メインゲストにフィーチャーされたナン・ゴールディンはスライドショーの他にも彼女のプライベート・コレクションの展示、彼女が推薦する14名の写真家の展示など多彩な展示となっていた。
この他の展示として重要なのはディスカバリーアワードというマーティン・パーやクリスチャン・ラクロワといった人たちが推薦してノミネートされる世界各地の新人写真家の展示。
昨年は、上海のYang YongLiang(上海M50区のOfoto 所属の写真家)やシンガポールのSean Leeといったアジアの写真家もノミネートされていた。Sean Leeさんとは実はアルルに行くときのTGVで一緒の列車に乗っていたのだが、短パンにサンダルといういでたちで写真家とは思わなかった。
ホテルが一緒だったので、ノミネートされた作家だということがわかったのだ。彼はカンボジアのフォトフェスティバルに出品したことがきっかけでノミネートされたという。ふだんは広告やファッションの写真を撮影しているそうだが、出品されたのは彼自身が女性に扮して自分の二つのアイデンティティの間を浮遊するというテーマ。見かけるたびに飄々とお気楽そうにアルルの街をぶらぶらしていて、この後はヨーロッパを旅するんだ、といっていた。東京にはゲイバーはあるのか、と質問があったのでひょっとしたらそのうちに日本にもやってくるかもしれない。
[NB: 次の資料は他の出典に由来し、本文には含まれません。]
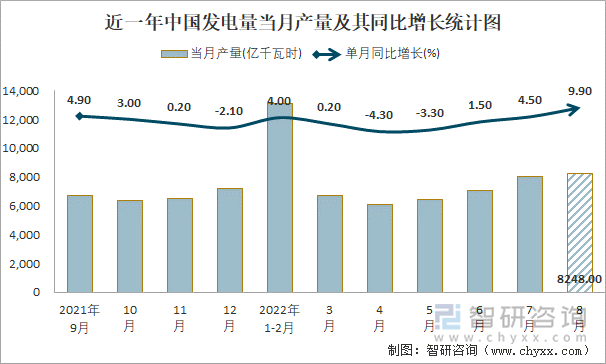 近一年中国发电量当月产量及其同比增长统计图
昨年のディスカバリーアワードで最高賞になったのは、マーティン・パーが推薦したリトアニアの写真家Rimaldas Viksraitisだった。自分の住む小さな村の出来事を追った作品で村人達が裸で飲んだくれていたり、家畜と戯れていたりする小さな共同体の日常の出来事を写しとったもの。マーティン・パーは僕もこんな村に住みたい、と感想を述べたが、成熟しきったヨーロッパの個人主義の世界がもう息苦しくなってどうしようもなくなってきたことの反動かもしれない。
ウィリー・ロニスの展示風景
構図をびしっと決めているところ、女性のヌードにウィットがあるところがオシャレ。
会場に現れたウィリー・ロニス。99歳の誕生日をお祝いする風景。残念ながらその後お亡くなりになった。